Thank you for this article.
The perspectives shared by the protesters at the 'pro-Palestinian' rally reveals a parallel to, and inevitable progression, of Chris Selley's wise observation (often quoted by Matt):
“The Liberals genuinely believe they are the kind of people who’d never do the thing they are currently doing.”
Similarly, revealed by Adam's interviews with the protesters, to varying degrees they sincerely believe that the events of October 7th:
a) never happened at all; or
b) happened but were carried out by Israel as a false flag operation; or
b) happened and were carried out by Hamas, but were completely or partially justified; and/or
c) happened and were carried out by Hamas, but were exaggerated by Israel.
Supporters of Hamas and/or the Palestinian single state cause can, will, and do deny objective reality, because they CHOOSE TO BELIEVE they themselves are good, compassionate people supporting the noble, innocent, oppressed Palestinian victims. They also CHOOSE TO BELIEVE that Israel/The Jews are the evil oppressors that need to be stopped/vanquished/eradicated.

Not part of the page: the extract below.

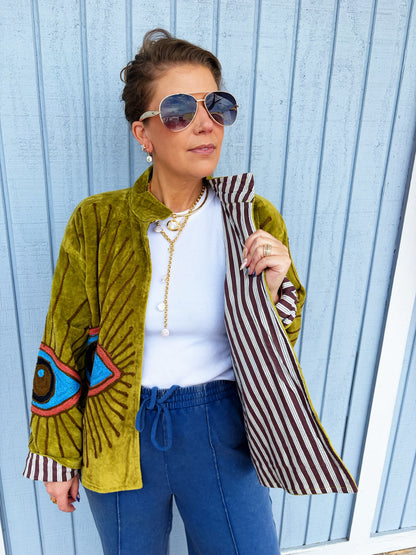 Tanya Jacket
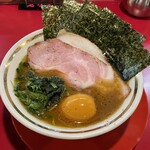 IEKEI KANSAI 王道家直系 我道家 - 王道之らあめん/1,230円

The really tragic, horrifying thing is that many of these protesters are closer than they think to being willing to hurt or even kill Jews themselves, given the chance, out of their warped, distorted sense of moral justification. At the minimum, nearly everyone protesting believes that Israel/The Jews deserve the suffering they've endured to date, or will endure in the future.
One could legitimately argue there are some supporters of Israel who also live in varying degrees of this self-deluding mental state; flipping the above descriptions around to fit their narrative.
The reality is this is a horrific and historic blood feud without any real parallel in our world, with objective atrocities committed again and again on both sides for centuries. There really are no good guys or bad guys, there are only less worse guys - ON BOTH SIDES. From my perspective, the Israeli/Jewish side appears to be (by far) the lesser of the two evils, but that is not the same as saying that everything they've done to the Palestinian people is justified. Less bad is still awful.
It is my solemn wish and prayer that this current ceasefire Trump is shamelessly taking credit for will lead to a lasting peace between Israel and the Palestinian people.
My historical knowledge and current observations tell me this will not be the case. The hate on both sides remains focused and intense, and they are only biding time to reload and rebuild their arsenals to renew hostilities until the entire region is laid to waste, littered with the bodies of Jewish & Palestinian men, women, and children. If this were not so, I would be eternally thankful.